The covers for my books released by Down and Out are designed by JT Lindroos (https://www.facebook.com/LindroosJT). He is a true artist, doing more than using purchased images for overlays. The cover for Diamond’s first book, Widow’s Run, is a photo JT took near his home of a cemetery, the opening scene of the book. The cover for Suicide Squeeze is also the opening scene and yes, it is a bathroom.
For the De La Cruz Casefiles, the covers are themed on the murder weapons. Exacting Justice and Driving Reign both feature images JT took himself. In Exacting Justice, the weapon is a sharp blade, one that is never found. In Driving Reign, the victim is poisoned or forcefully overdosed on doctored wine.
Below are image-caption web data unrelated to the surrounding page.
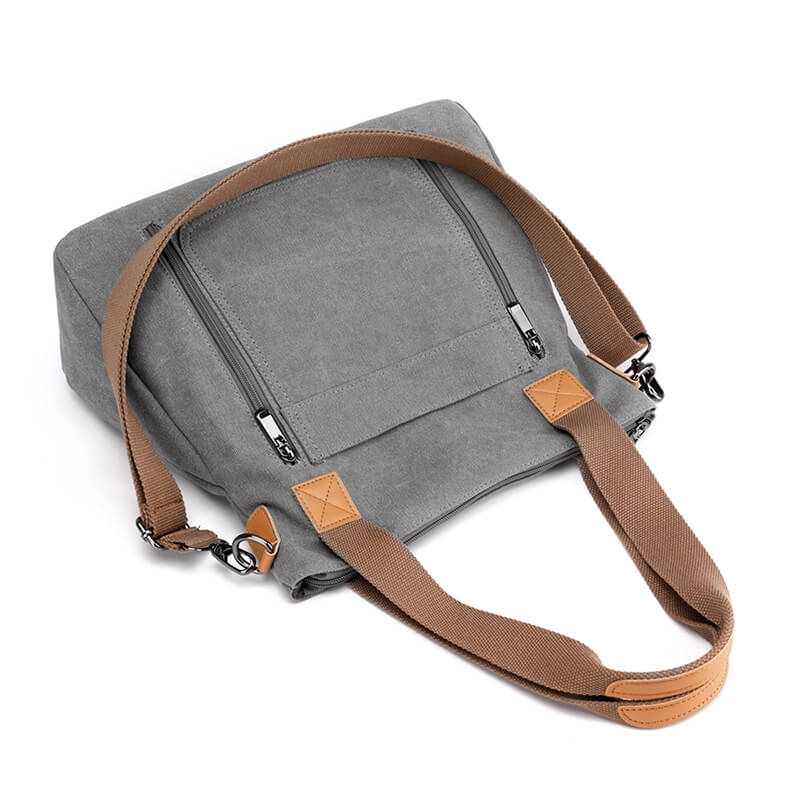 MetroTote™ Canvas Messenger Bag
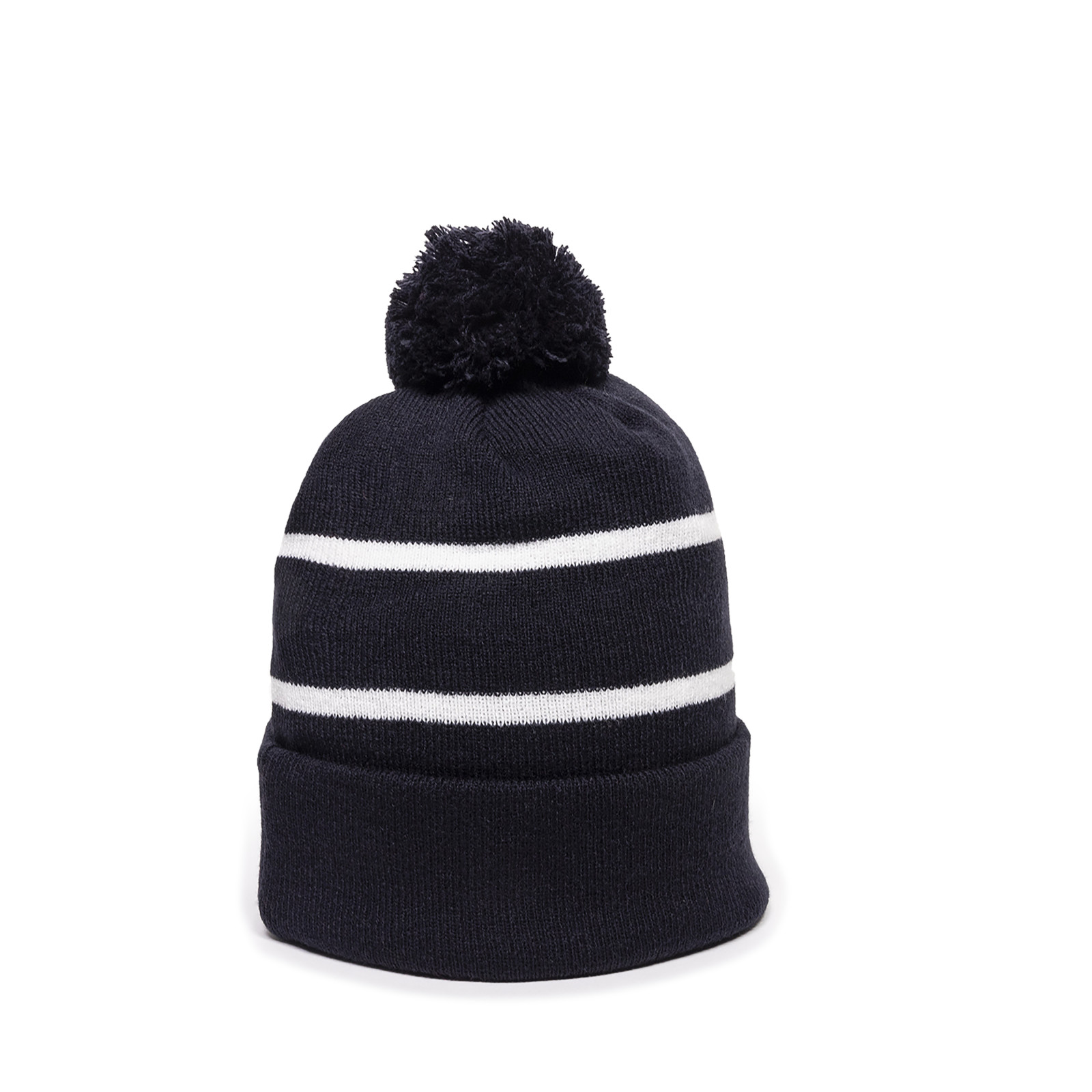 Watch Cap with Pom 21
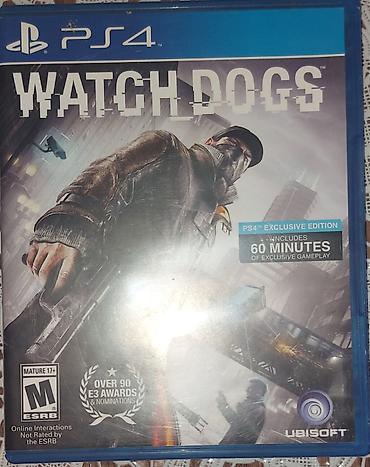 oyuncu rolu: PlayStation 4 üçün Watch Dogs oyunu. Bu oyun, oyunçulara Çikaqonun — 1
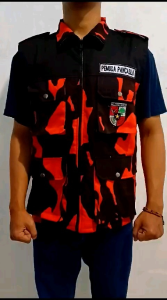 ROMPI PEMUDA PANCASILA PLUS BORDIR BELAKANG TERBARU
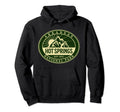 Hot Springs National Park Arkansas Hike Hoodie - Streetwear Style Unisex - T-Shirt, Sweatshirt, Hoodie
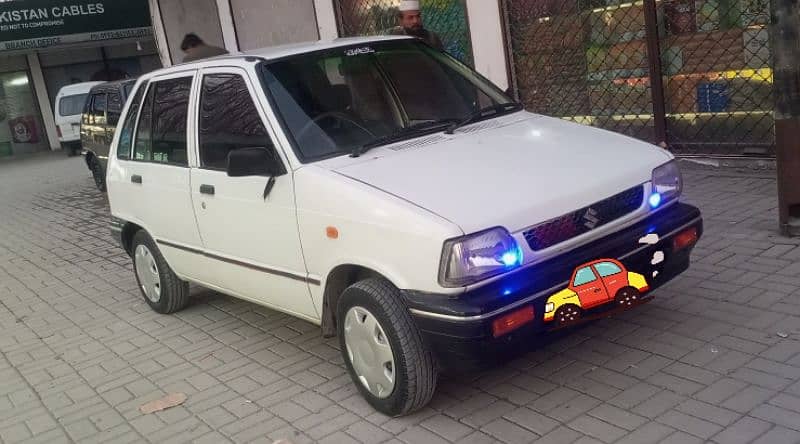 Suzuki Mehran VXR 2003 5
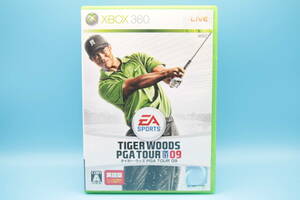 X-BOX タイガー・ウッズ Tiger Woods PGA Tour 09 - Microsoft Xbox 360 game 802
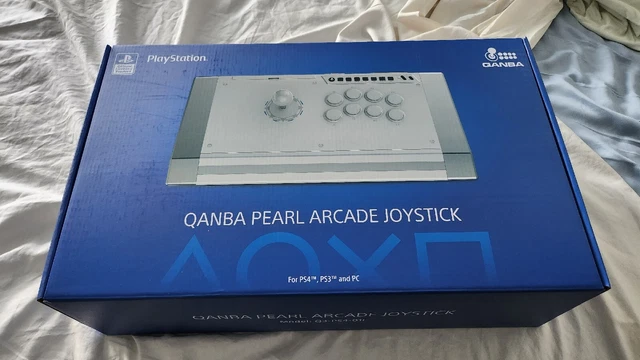 Qanba Obsidian Pearl Arcade Joystick Fight Stick Q3 Q3-PS4-01E Qanba Obsidian Pearl Arcade Joystick Fight Stick Q3 Q3-PS4-01E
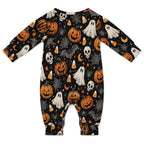 Cotton Long Sleeve Infant Bodysuit (All-Over Printing)
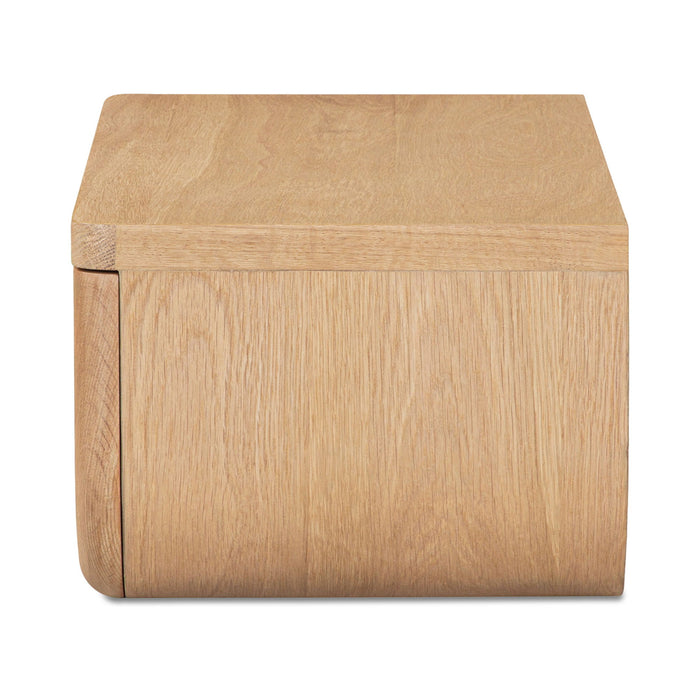 Hettie - Floating Nightstand - Natural / Brown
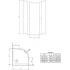 Душевой уголок Radaway Classic A1700 90x90
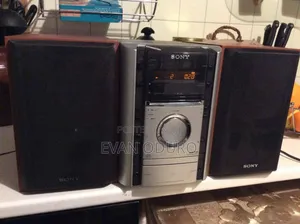 Powerful Sony Sound System, Radio,Bt,Aux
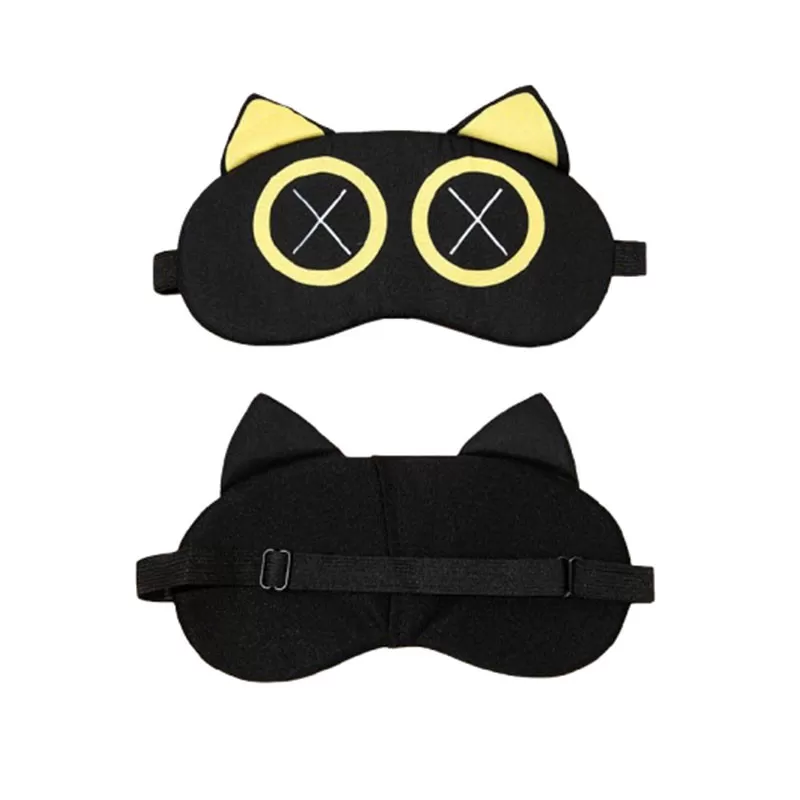 INF Mörkläggande Sovmask: Mjuk & Andningsbar Ögonskydd för Avkopplande Sömn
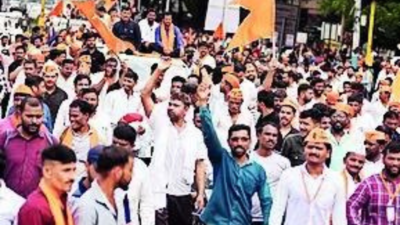 Maratha quota protesters halt Sharad Pawar’s convoy, activist tries self-immolation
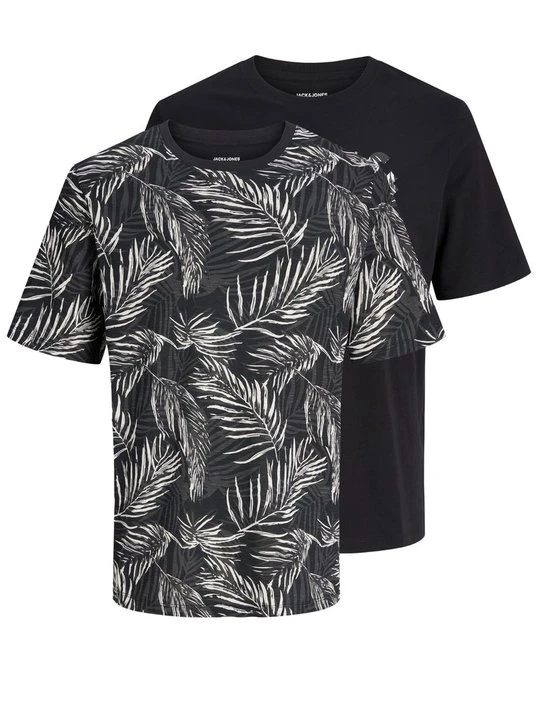 Zdjęcie produktu T-shirt z nadrukiem Jack&Jones czarny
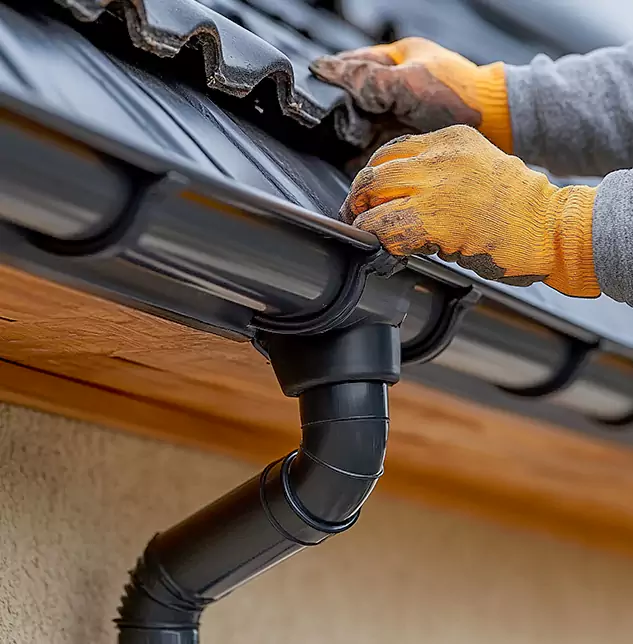 Professional Roof Gutter Installation: Safeguarding Matteson Properties From Water Damage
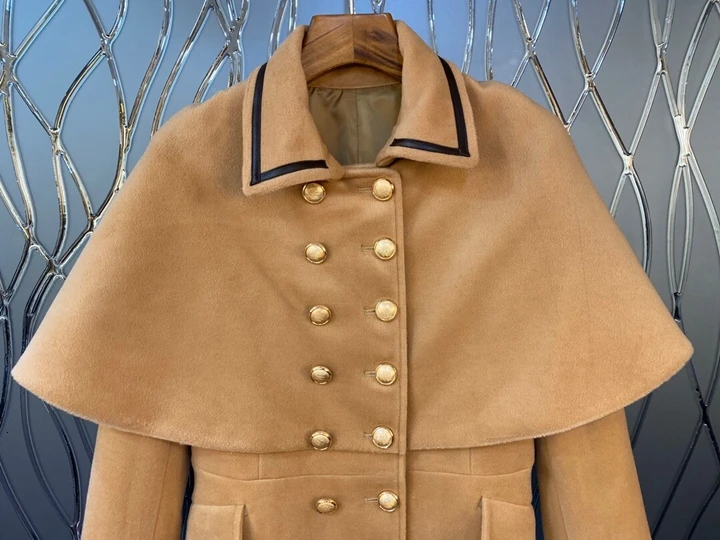 Нагрудный двойной aw1 женский лацкан с асимметричным подолом с оборками ed длинный рукав универсальный топ 1024 edlongsleevesatile1024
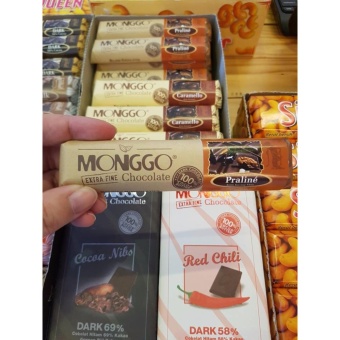 Gambar Coklat Monggo Praline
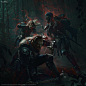 Debilitate, Geunjoo Baik : TES Alliance War Illustration 
"The Elder Scrolls: Legends", © 2017 ZeniMax Media Inc. / Nuare Studio Inc. 
http://nuare.com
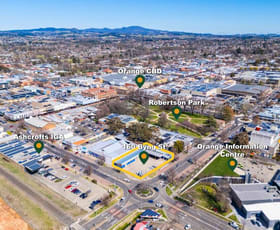 Shop & Retail commercial property leased at Prime CBD Corner/160 Byng Street Orange NSW 2800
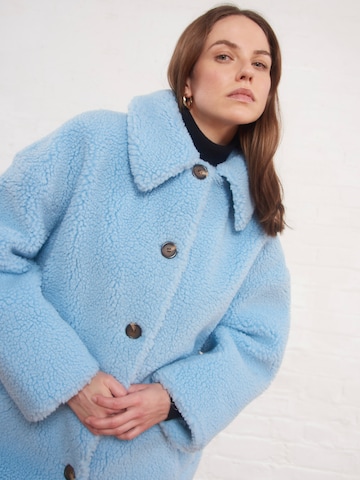 Aligne Χειμερινό παλτό 'Estila' σε μπλε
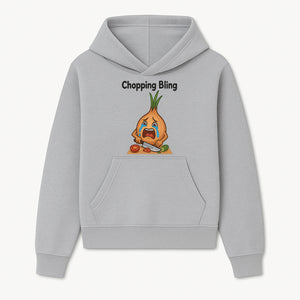 Funny Onion Chef Art Print - Chopping Bling Kitchen Wall Decor for Food Lovers, Culinary Gifts, Humorous Cooking Decor - Hoodie 1758181722470.jpg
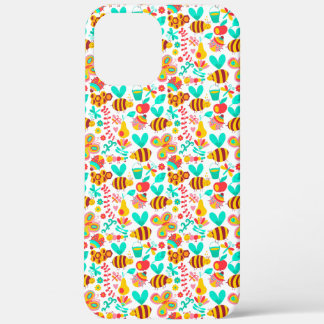 Case-Mate iPhone Case Motifs d'insectes colorés mignons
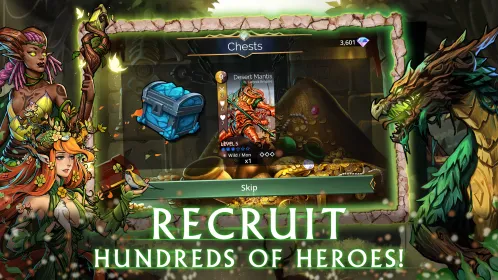 Screenshot Gems of War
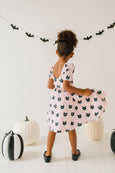 Ollie Jay - Puff Dress in Black Cat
- Convince us why you feel your book is a must read.
Reality sucks. Especially in 2020 and 2021 is not without its carry over. Suicide Squeeze gives your brain a 4-to-6-hour place to play where the biggest thing you have to worry about is if you ate all your [insert favorite reading snack here]. Follow Diamond through the pages of Edgar Allan Poe’s The Raven, then come with me to my favorite parts of Scotland. And, yes, there’s a Loch Ness Monster scene. Diamond goes to Scotland, the Loch Ness Monster HAD to make an appearance. Come, fly with me.
- What did you edit out of this book?
I had a fantastic dream sequence where Diamond “wakes up” in Edgar Allan Poe’s The Raven. The long she was in it, the more she began talking in verse, the meter matching the original poem. She makes a mess of it, getting pissed at the bird, which in her dream is her archenemy, a robin. After nearly destroying the room, she figures out the clue buried in the most amazing poem ever and wakes.
Among my beta readers and editors, this scene was either their favorite part of the book or the scene they skipped. There was no middle ground. Because the scene was important to the story, I re-wrote it. The final version had essentially the same plot but was told in Diamond’s voice in about half the space. A decent compromise.
- Fun Facts/Behind the Scenes/Did You Know?'-type tidbits about the author, the book or the writing process of the book.
Diamond’s bathroom was the one my husband and I had in our second apartment. Built-in the first quarter of the 1900s, the tile, trimming, and fixtures were definitely old school. Our bathroom was white, as opposed to the more colorful version on the cover art.
My husband, children and I went on vacation to Scotland a few years ago. The things that made the strongest impression on me are in the book, like Walker’s Shortbread Cookies – I still have to pace myself or I’ll eat a box in a sitting. Edinburgh Castle is incredible and was overrun by hordes of adults with selfie sticks when we were there. Killing someone using a selfie stick was my own way of getting even. The town of Fort Augustus on the south end of Loch Ness is a real place, as is the old abbey converted to flats. The stand-alone cabin I made up, but the streets, restaurants and gas station/ grocery store are real. The Castle Urquhart is real. I made only modest changes to the insides of one of the buildings to work for the story. Not featured enough in the book are the people of Scotland. They were wonderful hosts and I hope to go back there. Notably missing from the book is Scottish food. Go to Scotland for the scenery, the history, the mysteries, and the people. Not the food. Unless you count the cookies.
- Do you try more to be original or to deliver to readers what they want?
I am not a writer who tracks or tries to be ahead of trends. I write mysteries and, inside that genre, try to be original. I write puzzles. If I am not original, readers will know the solutions before they have all the clues. One challenge these days is a reader that “games” the story. That is, instead of reading and figuring out the solution, they are focused on metadata like how much face time a character is getting. It increases the challenge for me as the originator of the puzzle to counter the metagamer. If there is one thing I love, it’s a good challenge.